◆ **EXERCISE BRIEF**:
Please reproduce the line containing "в Виннице фото" and every line after it in the records below, exactly and with nothing else.

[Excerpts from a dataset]

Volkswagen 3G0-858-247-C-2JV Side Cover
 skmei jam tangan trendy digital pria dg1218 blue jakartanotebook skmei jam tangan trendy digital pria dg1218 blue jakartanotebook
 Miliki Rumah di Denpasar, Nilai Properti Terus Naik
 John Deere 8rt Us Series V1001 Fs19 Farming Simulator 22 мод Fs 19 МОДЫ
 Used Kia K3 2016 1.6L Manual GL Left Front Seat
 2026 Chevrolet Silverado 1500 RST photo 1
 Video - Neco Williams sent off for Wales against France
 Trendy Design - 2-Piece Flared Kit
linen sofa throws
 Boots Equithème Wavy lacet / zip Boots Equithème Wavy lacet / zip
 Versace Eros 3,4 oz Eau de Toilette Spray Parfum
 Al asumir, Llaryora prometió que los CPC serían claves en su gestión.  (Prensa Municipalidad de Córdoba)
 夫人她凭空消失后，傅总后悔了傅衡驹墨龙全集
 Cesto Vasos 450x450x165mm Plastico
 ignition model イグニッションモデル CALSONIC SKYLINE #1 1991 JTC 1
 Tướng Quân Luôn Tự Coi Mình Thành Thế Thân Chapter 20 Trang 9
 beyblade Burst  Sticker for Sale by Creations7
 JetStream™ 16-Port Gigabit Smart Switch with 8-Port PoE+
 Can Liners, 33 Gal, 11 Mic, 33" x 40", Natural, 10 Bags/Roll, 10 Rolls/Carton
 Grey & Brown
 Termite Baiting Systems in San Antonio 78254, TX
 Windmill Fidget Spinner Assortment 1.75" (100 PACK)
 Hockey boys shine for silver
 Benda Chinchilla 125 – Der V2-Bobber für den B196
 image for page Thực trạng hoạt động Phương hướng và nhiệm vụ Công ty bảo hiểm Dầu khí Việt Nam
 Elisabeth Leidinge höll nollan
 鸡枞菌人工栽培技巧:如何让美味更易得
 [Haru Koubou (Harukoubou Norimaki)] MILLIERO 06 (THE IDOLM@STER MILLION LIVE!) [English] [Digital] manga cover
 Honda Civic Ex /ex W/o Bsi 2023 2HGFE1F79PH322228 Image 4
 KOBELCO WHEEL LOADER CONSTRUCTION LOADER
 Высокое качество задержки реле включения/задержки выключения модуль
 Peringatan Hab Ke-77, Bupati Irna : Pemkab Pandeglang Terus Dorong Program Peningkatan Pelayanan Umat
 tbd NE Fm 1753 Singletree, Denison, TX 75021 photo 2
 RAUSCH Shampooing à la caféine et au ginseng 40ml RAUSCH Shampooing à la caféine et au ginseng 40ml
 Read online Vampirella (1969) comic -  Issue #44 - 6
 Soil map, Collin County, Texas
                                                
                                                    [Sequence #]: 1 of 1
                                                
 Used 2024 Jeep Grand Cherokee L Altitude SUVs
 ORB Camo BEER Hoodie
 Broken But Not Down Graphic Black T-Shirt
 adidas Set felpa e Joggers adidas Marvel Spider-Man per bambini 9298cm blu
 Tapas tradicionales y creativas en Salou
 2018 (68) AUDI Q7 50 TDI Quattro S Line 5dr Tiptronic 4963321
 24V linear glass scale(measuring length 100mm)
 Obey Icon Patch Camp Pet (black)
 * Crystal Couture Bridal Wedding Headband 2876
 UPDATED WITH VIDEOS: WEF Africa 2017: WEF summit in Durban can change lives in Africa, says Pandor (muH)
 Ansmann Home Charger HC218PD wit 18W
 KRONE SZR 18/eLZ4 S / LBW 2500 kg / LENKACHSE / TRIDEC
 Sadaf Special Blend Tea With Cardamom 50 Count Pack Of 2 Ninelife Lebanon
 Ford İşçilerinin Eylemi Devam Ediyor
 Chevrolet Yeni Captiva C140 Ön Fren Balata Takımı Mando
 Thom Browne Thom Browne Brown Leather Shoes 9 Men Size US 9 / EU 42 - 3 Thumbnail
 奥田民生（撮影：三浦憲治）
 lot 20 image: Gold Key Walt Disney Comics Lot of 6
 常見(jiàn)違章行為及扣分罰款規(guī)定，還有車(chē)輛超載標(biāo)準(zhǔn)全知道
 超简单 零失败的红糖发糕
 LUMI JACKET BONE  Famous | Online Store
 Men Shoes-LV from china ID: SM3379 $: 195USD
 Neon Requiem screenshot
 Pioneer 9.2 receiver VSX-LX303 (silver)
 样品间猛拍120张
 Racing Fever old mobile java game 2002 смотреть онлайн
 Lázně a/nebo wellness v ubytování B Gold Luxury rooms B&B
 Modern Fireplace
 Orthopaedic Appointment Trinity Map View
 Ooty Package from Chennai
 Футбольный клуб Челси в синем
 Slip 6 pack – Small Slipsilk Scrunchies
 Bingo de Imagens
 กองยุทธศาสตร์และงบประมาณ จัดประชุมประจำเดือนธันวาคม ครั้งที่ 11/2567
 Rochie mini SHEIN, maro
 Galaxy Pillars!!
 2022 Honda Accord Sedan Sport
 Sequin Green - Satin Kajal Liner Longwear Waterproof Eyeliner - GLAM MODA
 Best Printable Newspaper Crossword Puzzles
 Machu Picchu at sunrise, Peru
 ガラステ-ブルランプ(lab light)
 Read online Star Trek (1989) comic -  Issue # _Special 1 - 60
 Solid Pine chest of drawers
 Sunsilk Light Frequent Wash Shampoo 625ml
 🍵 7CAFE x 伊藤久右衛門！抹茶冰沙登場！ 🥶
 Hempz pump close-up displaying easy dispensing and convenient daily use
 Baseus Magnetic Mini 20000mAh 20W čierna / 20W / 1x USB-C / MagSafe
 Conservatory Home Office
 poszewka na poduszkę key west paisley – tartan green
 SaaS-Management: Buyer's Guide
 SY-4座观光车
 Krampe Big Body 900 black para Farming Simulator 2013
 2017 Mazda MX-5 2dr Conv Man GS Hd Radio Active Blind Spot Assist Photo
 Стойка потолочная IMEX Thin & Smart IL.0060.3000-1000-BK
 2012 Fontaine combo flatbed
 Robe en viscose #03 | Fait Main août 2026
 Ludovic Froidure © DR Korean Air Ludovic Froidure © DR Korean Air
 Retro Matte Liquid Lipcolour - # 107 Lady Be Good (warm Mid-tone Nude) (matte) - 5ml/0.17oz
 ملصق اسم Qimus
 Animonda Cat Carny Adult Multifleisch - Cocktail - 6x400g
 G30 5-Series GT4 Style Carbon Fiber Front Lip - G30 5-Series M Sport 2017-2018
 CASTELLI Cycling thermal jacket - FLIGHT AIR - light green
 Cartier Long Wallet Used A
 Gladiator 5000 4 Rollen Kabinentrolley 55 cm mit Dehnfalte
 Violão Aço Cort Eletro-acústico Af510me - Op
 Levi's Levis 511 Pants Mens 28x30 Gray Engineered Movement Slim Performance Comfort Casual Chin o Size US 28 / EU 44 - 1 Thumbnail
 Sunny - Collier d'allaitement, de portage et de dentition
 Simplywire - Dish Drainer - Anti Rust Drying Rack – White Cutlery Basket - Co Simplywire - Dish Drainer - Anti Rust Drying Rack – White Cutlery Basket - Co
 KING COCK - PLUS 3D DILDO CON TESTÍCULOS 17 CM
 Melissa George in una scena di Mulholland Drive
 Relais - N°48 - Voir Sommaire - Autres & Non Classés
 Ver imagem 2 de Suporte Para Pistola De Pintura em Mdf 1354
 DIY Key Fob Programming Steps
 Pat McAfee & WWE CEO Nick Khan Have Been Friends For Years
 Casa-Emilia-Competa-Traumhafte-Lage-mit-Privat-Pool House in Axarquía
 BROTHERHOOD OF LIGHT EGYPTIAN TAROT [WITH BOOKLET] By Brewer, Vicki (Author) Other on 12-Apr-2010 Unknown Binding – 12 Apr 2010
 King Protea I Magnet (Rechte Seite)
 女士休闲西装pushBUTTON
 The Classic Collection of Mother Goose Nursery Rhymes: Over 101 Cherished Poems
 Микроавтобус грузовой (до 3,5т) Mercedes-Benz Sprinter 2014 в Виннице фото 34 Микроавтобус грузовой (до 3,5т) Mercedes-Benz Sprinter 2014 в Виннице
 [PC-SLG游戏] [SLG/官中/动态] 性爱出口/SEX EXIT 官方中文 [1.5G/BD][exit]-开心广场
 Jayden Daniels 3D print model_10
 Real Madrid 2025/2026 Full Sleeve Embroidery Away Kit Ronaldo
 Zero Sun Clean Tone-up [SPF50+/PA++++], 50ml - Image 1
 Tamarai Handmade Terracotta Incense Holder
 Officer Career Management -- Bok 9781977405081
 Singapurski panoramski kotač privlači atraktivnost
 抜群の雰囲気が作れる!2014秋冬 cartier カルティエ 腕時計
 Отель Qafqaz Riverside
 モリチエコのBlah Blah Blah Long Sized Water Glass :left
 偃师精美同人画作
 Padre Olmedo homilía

◆ **RESULT OF THIS EXERCISE**:
 Микроавтобус грузовой (до 3,5т) Mercedes-Benz Sprinter 2014 в Виннице фото 34 Микроавтобус грузовой (до 3,5т) Mercedes-Benz Sprinter 2014 в Виннице
 [PC-SLG游戏] [SLG/官中/动态] 性爱出口/SEX EXIT 官方中文 [1.5G/BD][exit]-开心广场
 Jayden Daniels 3D print model_10
 Real Madrid 2025/2026 Full Sleeve Embroidery Away Kit Ronaldo
 Zero Sun Clean Tone-up [SPF50+/PA++++], 50ml - Image 1
 Tamarai Handmade Terracotta Incense Holder
 Officer Career Management -- Bok 9781977405081
 Singapurski panoramski kotač privlači atraktivnost
 抜群の雰囲気が作れる!2014秋冬 cartier カルティエ 腕時計
 Отель Qafqaz Riverside
 モリチエコのBlah Blah Blah Long Sized Water Glass :left
 偃师精美同人画作
 Padre Olmedo homilía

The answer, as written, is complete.